Is it possible to run my CO2 into this canister for CO2 disperssion?


----------



## ZooTycoonMaster (Jan 2, 2008)

Bremmon said:


> Is it possible to run my CO2 into this canister for CO2 disperssion?


This is what I do now, and I find that I have to shake the canister every now and then to get the bubbles to be chopped up by the impeller.


----------



## Ross (Jan 25, 2009)

I am wondering do I go for this or a 2224.


----------



## lescarpentier (Feb 2, 2008)

The Classic is most definitely a more reliable filter.


----------



## bsmith (Jan 8, 2007)

Eheim classics are a great filter. :thumbsup:


----------



## monkeyruler90 (Apr 13, 2008)

i was thinking of getting one for my 20 long but i guess i have to get a 2215 or something higher. thanks for the review!!


----------



## Riiz (Apr 30, 2008)

bsmith782 said:


> You have never had a Rena before. The only thing going for the longevity of the classics right now over the xp line is that it has been out alot longer.
> 
> When was the last time you heard of a pump motor it impeller issue with a Rena? I cant even remember the last time I read a post about it.
> 
> ...


Idk, Eheims also come with Substrat Pro, so they're an incredible deal for the media that comes standard too.


----------



## bsmith (Jan 8, 2007)

Now I feel like an ass.
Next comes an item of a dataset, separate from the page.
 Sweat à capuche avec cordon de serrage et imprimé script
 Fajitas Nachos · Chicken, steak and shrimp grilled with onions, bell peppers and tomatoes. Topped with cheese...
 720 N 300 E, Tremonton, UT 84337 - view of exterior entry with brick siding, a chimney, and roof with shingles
I thought this was a Rena review post. :icon_redf



Riiz said:


> Idk, Eheims also come with Substrat Pro, so they're an incredible deal for the media that comes standard too.


----------



## OhNo123 (Jan 8, 2008)

Eheim Classic canisters are great, but how do i get the dust film off the top of the tank!?


----------



## bsmith (Jan 8, 2007)

More surface agitation, Seachem purigen.



OhNo123 said:


> Eheim Classic canisters are great, but how do i get the dust film off the top of the tank!?


----------



## DarioDario (Nov 8, 2008)

Do you guys have your spray bar shooting up or down.


----------



## cathy1627 (Dec 6, 2008)

I have mine shooting straight forward.


----------



## Ross (Jan 25, 2009)

Whats the best Media to run in this well I am going to be getting a 2215 which comes with the sponges is it best to put Ehfi Substrate Pro at the bottom?


----------



## Left C (Nov 15, 2003)

Ross said:


> Whats the best Media to run in this well I am going to be getting a 2215 which comes with the sponges is it best to put Ehfi Substrate Pro at the bottom?


The Classic series come with all the media that you need to get them started.
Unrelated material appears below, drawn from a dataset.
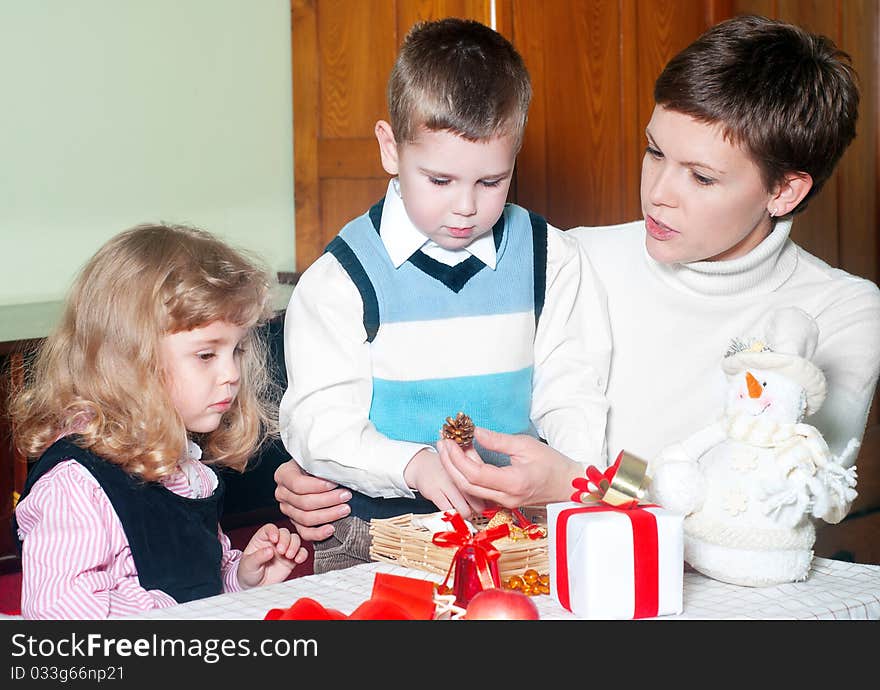 Happy Family preparing Christmas ornaments. Happy Family preparing Christmas ornaments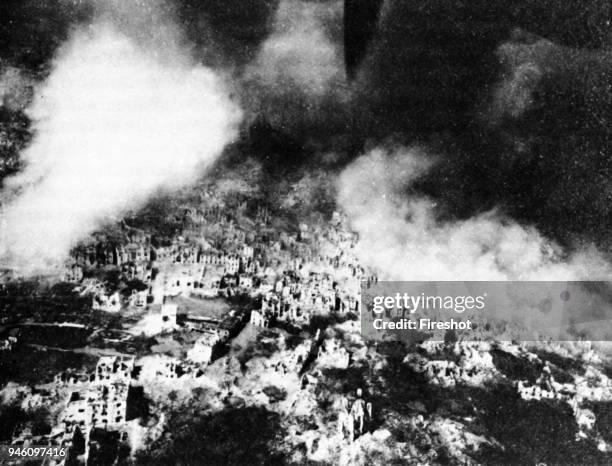 Second World War-Italy 1944. Air raid at Monte Cassino in February 1944. The Monte Cassino Abbey atop Monastery Hill February 15 1944 during bombing...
X-Ray drawing showing media









Description: http://eheim.com/base/eheim/inhalte/indexf458.html?key=liniendetail_27510_ehen

Instructions show proper layering of media: http://eheim.com/base/eheim/pdf/en/anleitungen/afilter/2215_2217_classic.pdf


----------



## bsmith (Jan 8, 2007)

Well I have 2 filters on my 37g (XP1 and 2222) The XP1 shoots down as this is the filter that my co2 is injected into anf the 2222 is straight if not slightly up to create surface agitation.



DarioDario said:


> Do you guys have your spray bar shooting up or down.


----------



## fshfanatic (Apr 20, 2006)

Riiz said:


> Idk, Eheims also come with Substrat Pro, so they're an incredible deal for the media that comes standard too.
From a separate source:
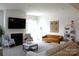 Inviting living room boasts comfortable seating, fireplace, television, and stylish decor elements at 3309 Juneberry Pl, Indian Land, SC 29707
Not all of them. My 2217 came with Pro but my 2215 came with the older regular stuff. All my eccos came with Pro.


----------



## DarioDario (Nov 8, 2008)

Ya well I just got my 2217 and it came with the old white stuff


----------



## lescarpentier (Feb 2, 2008)

DarioDario said:


> Ya well I just got my 2217 and it came with the old white stuff


Both of mine came with the Pro..


----------



## DarioDario (Nov 8, 2008)

Where did you order yours from? I did however got the quick disconnects and what not


----------



## lescarpentier (Feb 2, 2008)

DarioDario said:


> Where did you order yours from? I did however got the quick disconnects and what not


Big Als.


----------